Very cool, never would've thought of caribou here. I love running trotlines & digging up fossilized antlers & buffalo horns out of river banks.
 
That is great! I am sure the glaciers forced them south during the last ice age. That is an awesom find.
 
That is great! I am sure the glaciers forced them south during the last ice age. That is an awesom find.


That's what I was thinking at first... It made sense to me because it is kind of in a valley where maybe a glacier went through. I asked the lady in-charge of the repository how she thought it got there and she said they were actually native to our area along with mastadons and what not.
A couple things I forgot to add too was that it's the largest and most complete antler found in Iowa of that age especially for being burried in a clay. I also talked to my uncle about it some more last night and he said he actually found the top of the antler first and couldn't find the other half until about a month later after another rain.. He said it was back into the wash-out a little further.. They were about 6 ft deep he said.
 
[and she said they were actually native to our area along with mastadons and what not.]
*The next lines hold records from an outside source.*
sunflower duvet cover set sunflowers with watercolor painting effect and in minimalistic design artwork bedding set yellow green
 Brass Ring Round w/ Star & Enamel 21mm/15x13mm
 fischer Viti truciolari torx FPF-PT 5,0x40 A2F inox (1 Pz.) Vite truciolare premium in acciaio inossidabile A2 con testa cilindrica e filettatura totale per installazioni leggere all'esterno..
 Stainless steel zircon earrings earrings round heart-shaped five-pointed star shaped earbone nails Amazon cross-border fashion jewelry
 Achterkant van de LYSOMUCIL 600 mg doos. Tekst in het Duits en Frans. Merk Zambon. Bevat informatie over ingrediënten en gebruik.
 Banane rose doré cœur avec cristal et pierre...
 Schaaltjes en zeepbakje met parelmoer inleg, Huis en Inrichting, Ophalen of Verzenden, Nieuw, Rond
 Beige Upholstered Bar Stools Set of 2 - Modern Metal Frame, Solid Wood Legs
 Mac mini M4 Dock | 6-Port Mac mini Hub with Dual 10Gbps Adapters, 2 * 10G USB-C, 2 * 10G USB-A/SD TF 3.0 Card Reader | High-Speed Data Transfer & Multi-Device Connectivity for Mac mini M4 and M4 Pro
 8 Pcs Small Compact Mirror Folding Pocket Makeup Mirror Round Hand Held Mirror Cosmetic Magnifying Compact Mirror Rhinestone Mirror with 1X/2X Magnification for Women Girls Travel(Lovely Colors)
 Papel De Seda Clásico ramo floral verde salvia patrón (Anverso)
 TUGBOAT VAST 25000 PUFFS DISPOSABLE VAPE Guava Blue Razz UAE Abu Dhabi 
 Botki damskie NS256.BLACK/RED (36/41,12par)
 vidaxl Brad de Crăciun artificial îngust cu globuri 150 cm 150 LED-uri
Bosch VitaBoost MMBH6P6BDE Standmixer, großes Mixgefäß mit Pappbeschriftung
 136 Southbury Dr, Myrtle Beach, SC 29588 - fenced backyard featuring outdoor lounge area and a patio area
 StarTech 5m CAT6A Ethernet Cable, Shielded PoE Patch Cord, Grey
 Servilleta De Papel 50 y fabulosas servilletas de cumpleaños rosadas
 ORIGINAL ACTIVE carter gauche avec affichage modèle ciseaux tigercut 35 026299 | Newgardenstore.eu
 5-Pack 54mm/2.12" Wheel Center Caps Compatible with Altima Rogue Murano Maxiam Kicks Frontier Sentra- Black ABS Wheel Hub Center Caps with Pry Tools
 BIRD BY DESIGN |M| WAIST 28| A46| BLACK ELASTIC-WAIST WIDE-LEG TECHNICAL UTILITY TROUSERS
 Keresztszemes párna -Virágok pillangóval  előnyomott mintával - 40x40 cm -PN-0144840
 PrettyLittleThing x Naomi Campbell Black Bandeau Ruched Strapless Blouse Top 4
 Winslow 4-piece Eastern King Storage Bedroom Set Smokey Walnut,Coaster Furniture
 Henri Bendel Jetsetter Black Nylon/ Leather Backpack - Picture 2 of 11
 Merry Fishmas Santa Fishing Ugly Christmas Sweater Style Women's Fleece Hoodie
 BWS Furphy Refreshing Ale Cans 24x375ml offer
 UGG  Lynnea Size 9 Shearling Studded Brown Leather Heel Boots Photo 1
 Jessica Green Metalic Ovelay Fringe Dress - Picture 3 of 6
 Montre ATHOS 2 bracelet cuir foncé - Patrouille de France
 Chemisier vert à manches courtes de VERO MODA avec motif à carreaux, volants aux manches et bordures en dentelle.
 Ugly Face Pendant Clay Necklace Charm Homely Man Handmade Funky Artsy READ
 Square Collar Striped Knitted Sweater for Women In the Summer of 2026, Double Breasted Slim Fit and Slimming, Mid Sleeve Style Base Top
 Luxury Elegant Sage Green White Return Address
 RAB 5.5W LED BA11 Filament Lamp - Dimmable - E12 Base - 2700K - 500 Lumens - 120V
Absolutely! caribou, mastadons, mammoths, giant ground sloths, wolly rhinos, cheetahs, saber-tooths, etc. were all native up there during the late Pleistocene and early Holocene. There were lots of cool, crazy animals native to that area. We've had several mammoth skeletons found down in southern Arizona. Several years ago, I got to witness the excavation of a mammoth tusk down near the San Pedro River on Fort Huachuca. Great find on that antler!!